Could you print the data that follows exactly as given?

■ MATERIAL PROVIDED ■
──────────
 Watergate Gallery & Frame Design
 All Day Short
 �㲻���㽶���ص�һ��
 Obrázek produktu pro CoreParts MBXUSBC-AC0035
──────────
■ RESPONSE TO THE TASK ■
 Watergate Gallery & Frame Design
 All Day Short
 �㲻���㽶���ص�һ��
 Obrázek produktu pro CoreParts MBXUSBC-AC0035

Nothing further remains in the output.